[Dnsmasq-discuss] Two questions about the cache and how dnsmasq forwards queries
simon at thekelleys.org.uk
Mon Feb 15 11:04:22 GMT 2010
>>> This also happen for almost every other query. Especially, every domains
>>> that I _really_ would like dnsmasq to use its cache for seems to suffer
>> >from this problem. But it looks like only those CNAMEs have this
>>> TTL of 1s, the NAMEs
>>> (eg: www.l.google.com) have a more reasonnable TTL.

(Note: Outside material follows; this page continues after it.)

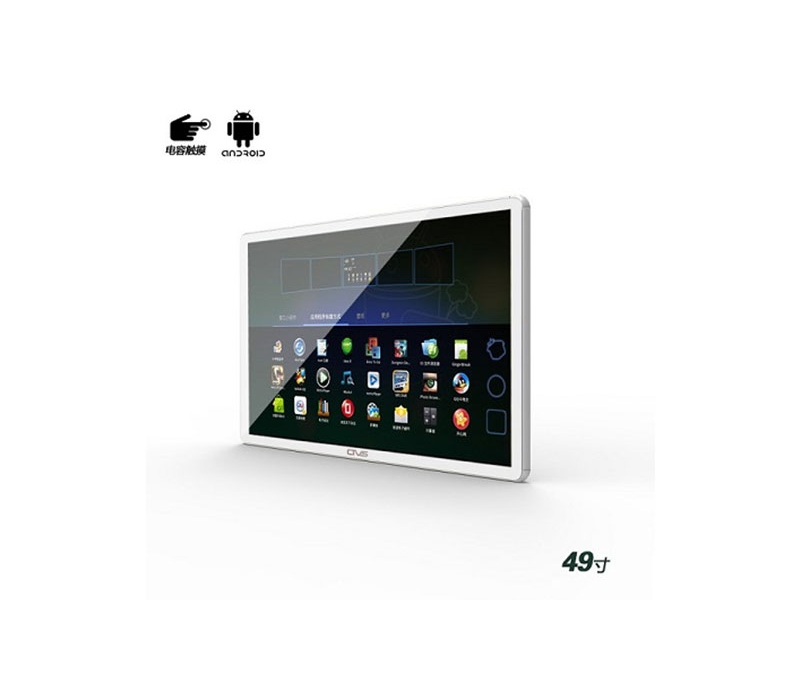 壁掛式49寸電容觸摸一體機(jī)安卓版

>> Can you try sending test queries direct to the upstream
>> nameserver(s), bypassing dnsmasq. This is starting to look like a
>> problem there:
>> dig @18.104.22.168 www.google.com
>> Send the whole result of doing that: there's also a possibility that
>> the answer is confusing dnsmasq's "answer extraction" code, so
>> seeing the whole thing would be good.
> dig @22.214.171.124 www.google.com
> ; <<>> DiG 9.6.1-P3 <<>> @126.96.36.199 www.google.com
> ; (1 server found)
> ;; global options: +cmd
> ;; Got answer:
> ;; ->>HEADER<<- opcode: QUERY, status: NOERROR, id: 54385
> ;; flags: qr rd ra; QUERY: 1, ANSWER: 7, AUTHORITY: 4, ADDITIONAL: 0
> ;; QUESTION SECTION:
> ;www.google.com. IN A
> ;; ANSWER SECTION:
> www.google.com. 0 IN CNAME www.l.google.com.

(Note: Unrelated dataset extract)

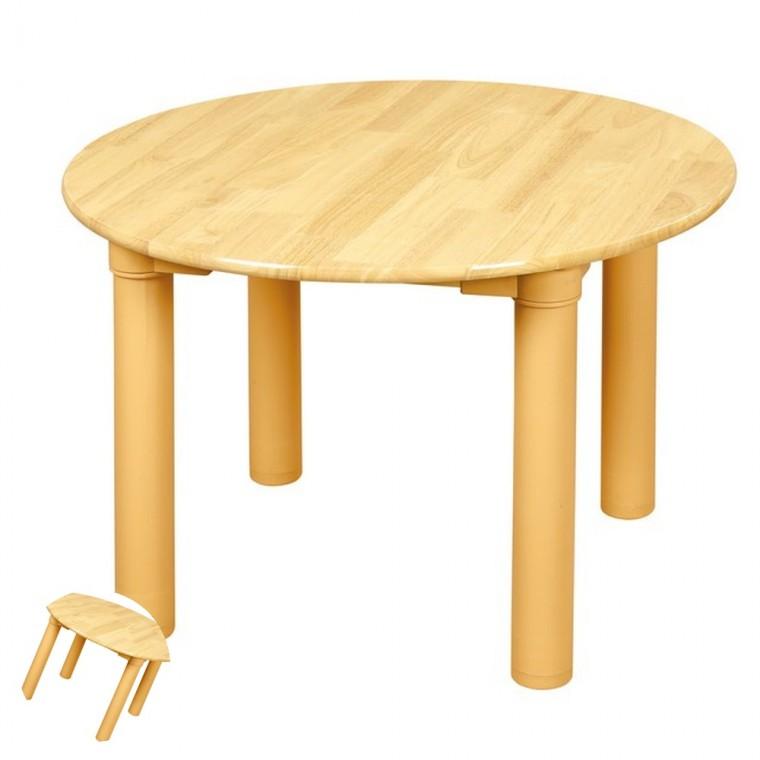H28-4 원목 둥근 유치 책상 [기본다리-530mm] 가정용책상 원목테이블DIY 서재책상 일반책상 DIY책상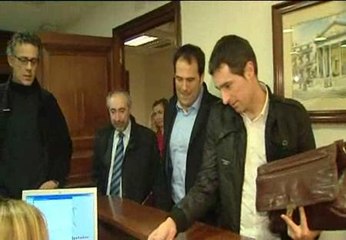 Amaiur se registra como grupo parlamentario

> www.l.google.com. 258 IN A 188.8.131.52
> www.l.google.com. 258 IN A 184.108.40.206
> www.l.google.com. 258 IN A 220.127.116.11
> www.l.google.com. 258 IN A 18.104.22.168
> www.l.google.com. 258 IN A 22.214.171.124
> www.l.google.com. 258 IN A 126.96.36.199
> ;; AUTHORITY SECTION:
> google.com. 194344 IN NS ns4.google.com.
> google.com. 194344 IN NS ns1.google.com.

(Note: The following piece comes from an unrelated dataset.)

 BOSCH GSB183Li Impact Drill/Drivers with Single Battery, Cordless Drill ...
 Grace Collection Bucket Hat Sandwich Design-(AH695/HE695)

> google.com. 194344 IN NS ns2.google.com.
> google.com. 194344 IN NS ns3.google.com.
> ;; Query time: 3448 msec
> ;; SERVER: 188.8.131.52#53(184.108.40.206)
> ;; WHEN: Mon Feb 15 11:09:42 2010
> ;; MSG SIZE rcvd: 220
So there's your problem, the TTL of the first CNAME in the chain is zero,
www.google.com. 0 IN CNAME www.l.google.com.>
Strange, when I do the same thing (via my ISPs server) I get
;; ANSWER SECTION:
www.google.com. 9620 IN CNAME www.l.google.com.
www.l.google.com. 220 IN CNAME www-tmmdi.l.google.com.
www-tmmdi.l.google.com. 53 IN A 220.127.116.11
Maybe your ISPs DNS server is playing games?
>> If you can increase the retry time in the client's resolvers, that
>> would help a lot, so would speeding up the downstream nameserver.
>> There may be nothing you can do about that, but one thing to look at
>> is any traffic shaping you have on your connection. My home internet
>> connection is via a cable modem, and when my ISP applies "traffic
>> shaping" it uses a simple leaky-bucket filter which causes the
>> latency on the uplink to go very high, and performance gets very
>> laggy. I use traffic-shaping to limit the upstream traffic to just
>> less then the cap, and things work much better. The recipe I
>> followed is here:
>>> Doesn't dnsmasq keep a list of forwarded queries? As I can see on the log,
>>> it often forwards several times the same query instead of waiting for
>>> either a reply or a given timeout.
>> No, it doesn't, to keep the memory footprint down. Even if it did,
>> it would have to forward retries. DNS traffic is mainly UDP, and
>> there's nothing dnsmasq can send back to a client to say "I'm
>> working on it, just wait". The client will launch queries onto the
>> net and either get a reply, or timeout and fail.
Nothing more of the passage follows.